→ Task description
Please transcribe the records precisely; pictures stay out of your copy.

→ Data records
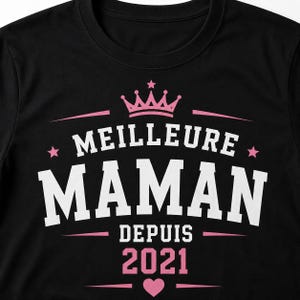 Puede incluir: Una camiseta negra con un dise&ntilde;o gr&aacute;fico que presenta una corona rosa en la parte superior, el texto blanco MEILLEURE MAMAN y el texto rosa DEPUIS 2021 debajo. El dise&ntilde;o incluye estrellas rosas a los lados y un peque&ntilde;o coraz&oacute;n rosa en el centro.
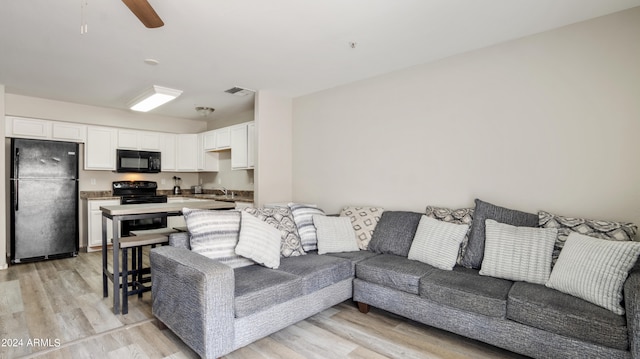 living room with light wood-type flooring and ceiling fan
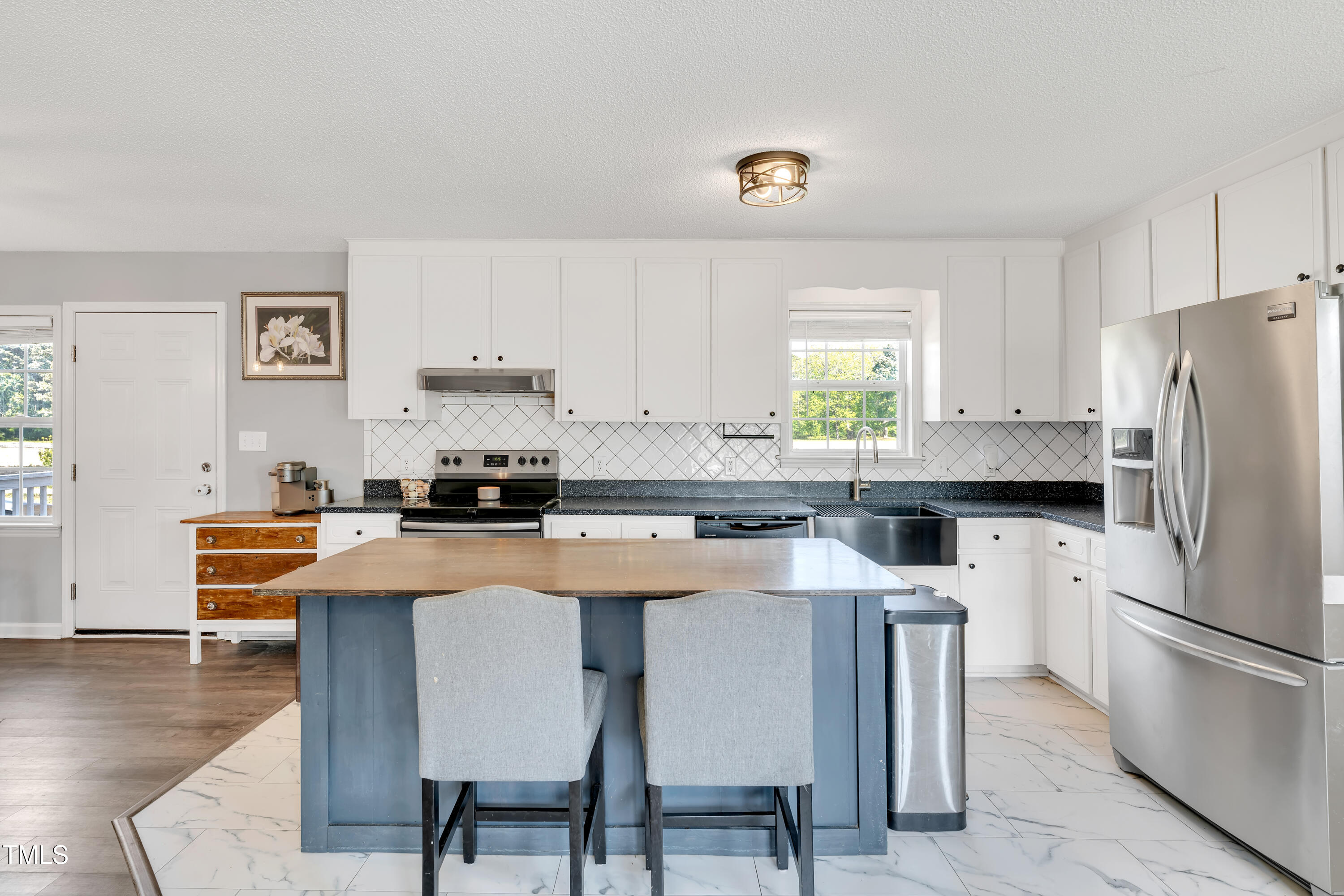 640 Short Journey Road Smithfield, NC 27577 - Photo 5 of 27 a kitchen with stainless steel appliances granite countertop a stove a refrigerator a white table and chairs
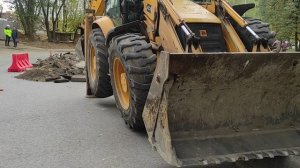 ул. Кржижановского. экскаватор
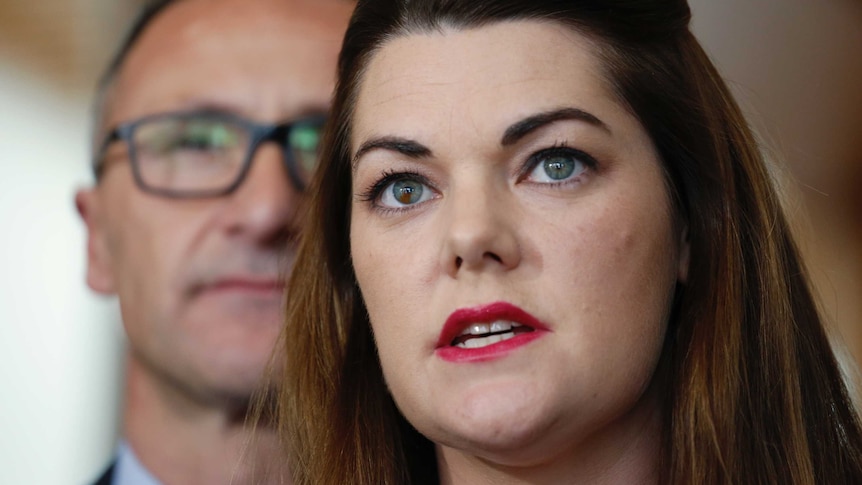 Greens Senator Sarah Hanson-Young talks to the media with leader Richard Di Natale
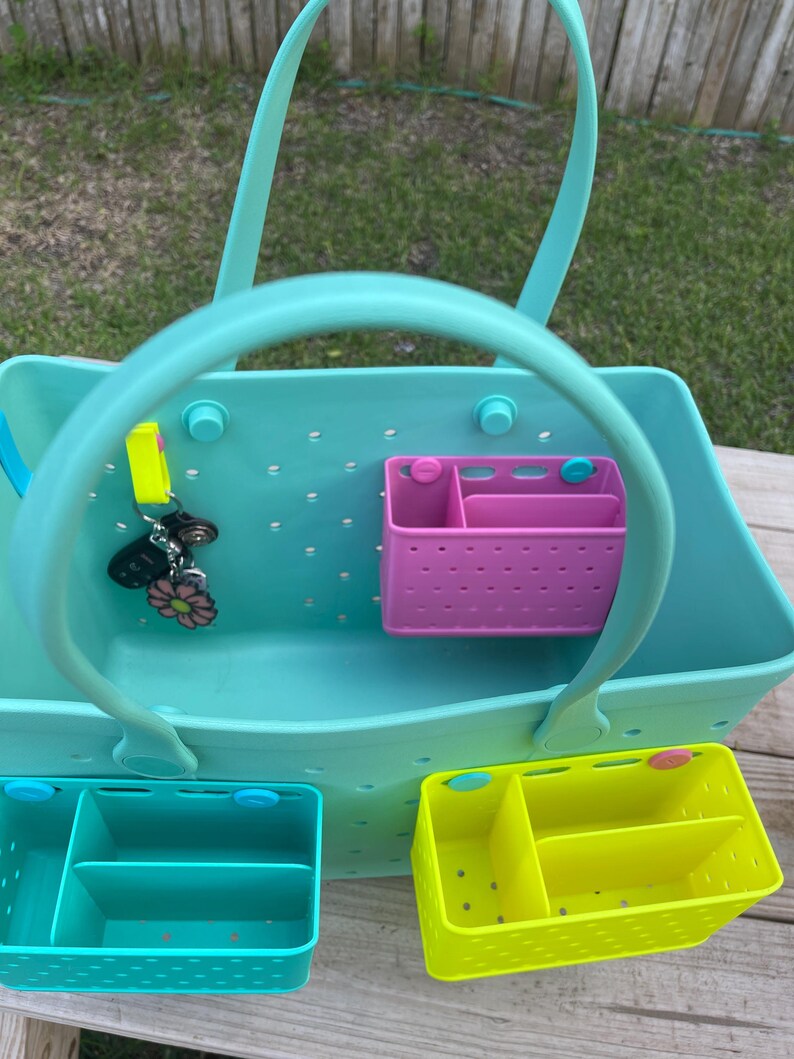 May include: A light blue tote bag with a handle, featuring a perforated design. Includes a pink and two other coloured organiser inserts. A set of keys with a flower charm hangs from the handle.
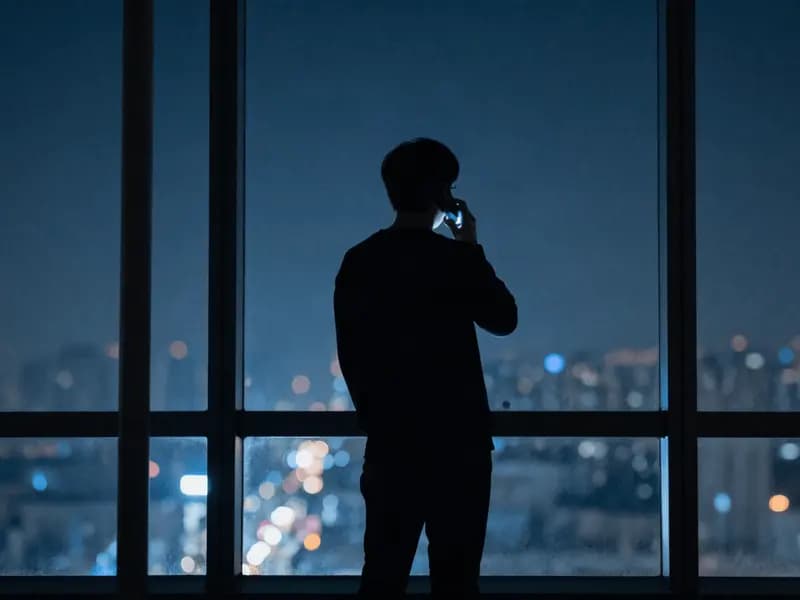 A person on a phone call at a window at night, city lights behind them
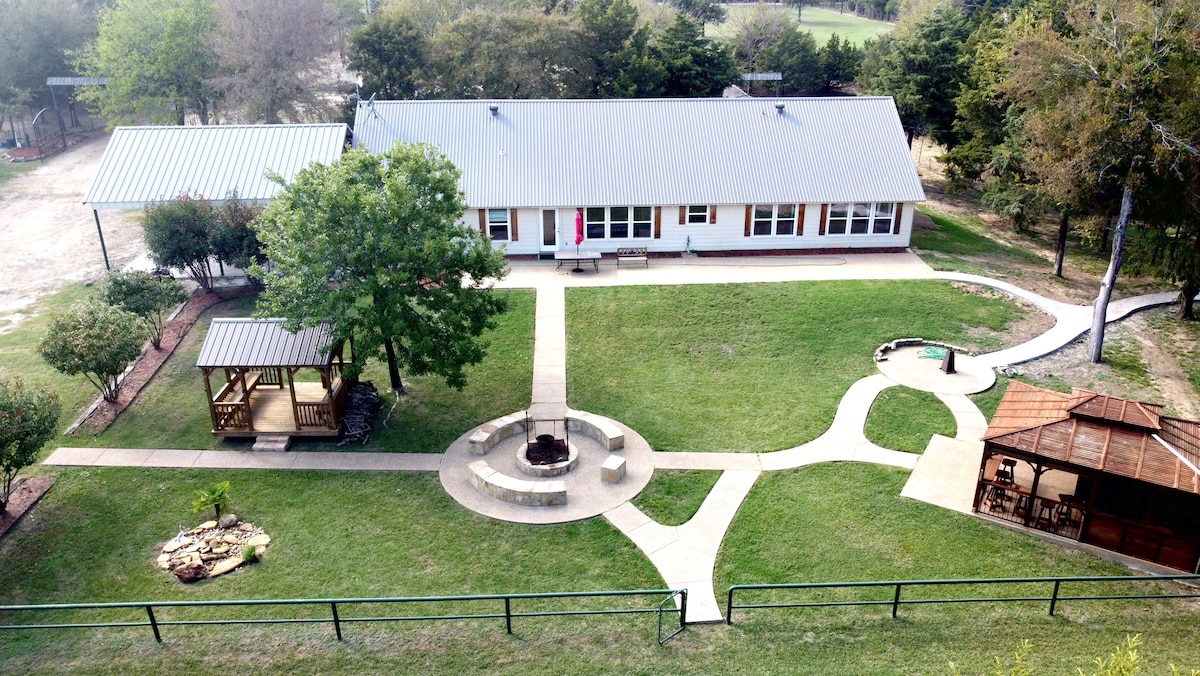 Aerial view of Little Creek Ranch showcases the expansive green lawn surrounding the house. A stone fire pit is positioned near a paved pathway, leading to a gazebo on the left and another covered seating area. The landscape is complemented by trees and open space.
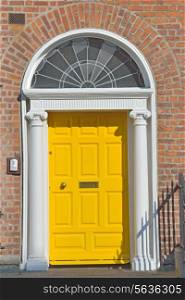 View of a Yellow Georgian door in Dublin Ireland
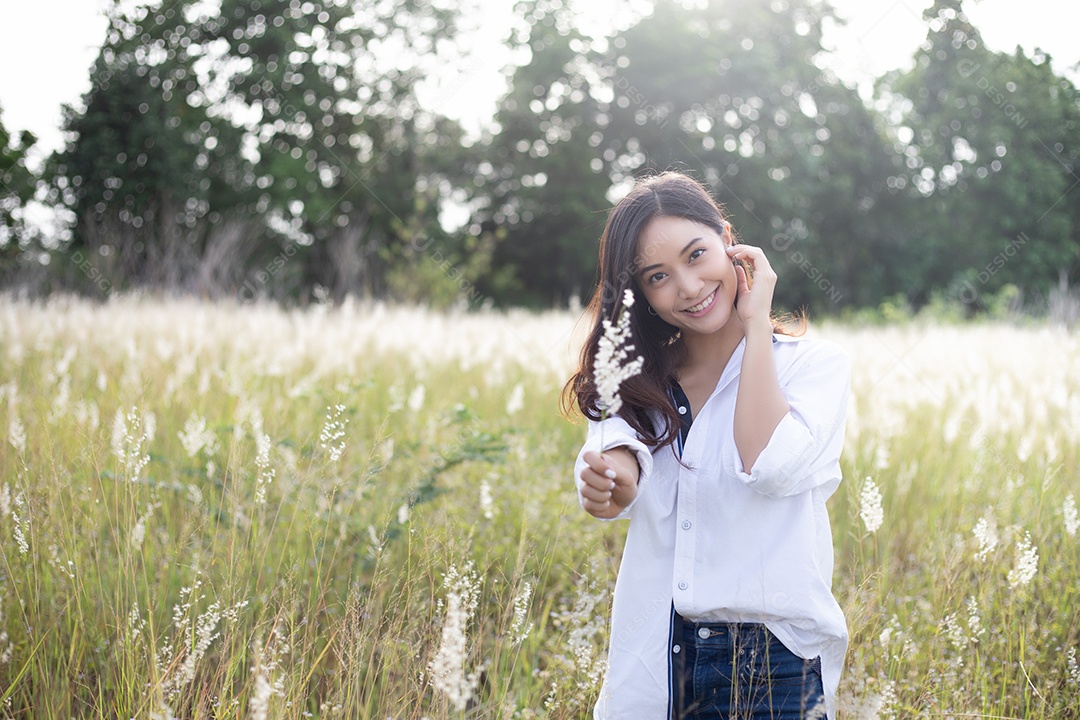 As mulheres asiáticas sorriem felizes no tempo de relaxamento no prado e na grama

→ Result of this task
 Puede incluir: Una camiseta negra con un dise&ntilde;o gr&aacute;fico que presenta una corona rosa en la parte superior, el texto blanco MEILLEURE MAMAN y el texto rosa DEPUIS 2021 debajo. El dise&ntilde;o incluye estrellas rosas a los lados y un peque&ntilde;o coraz&oacute;n rosa en el centro.
 living room with light wood-type flooring and ceiling fan
 640 Short Journey Road Smithfield, NC 27577 - Photo 5 of 27 a kitchen with stainless steel appliances granite countertop a stove a refrigerator a white table and chairs
 ул. Кржижановского. экскаватор
 Greens Senator Sarah Hanson-Young talks to the media with leader Richard Di Natale
 May include: A light blue tote bag with a handle, featuring a perforated design. Includes a pink and two other coloured organiser inserts. A set of keys with a flower charm hangs from the handle.
 A person on a phone call at a window at night, city lights behind them
 Aerial view of Little Creek Ranch showcases the expansive green lawn surrounding the house. A stone fire pit is positioned near a paved pathway, leading to a gazebo on the left and another covered seating area. The landscape is complemented by trees and open space.
 View of a Yellow Georgian door in Dublin Ireland
 As mulheres asiáticas sorriem felizes no tempo de relaxamento no prado e na grama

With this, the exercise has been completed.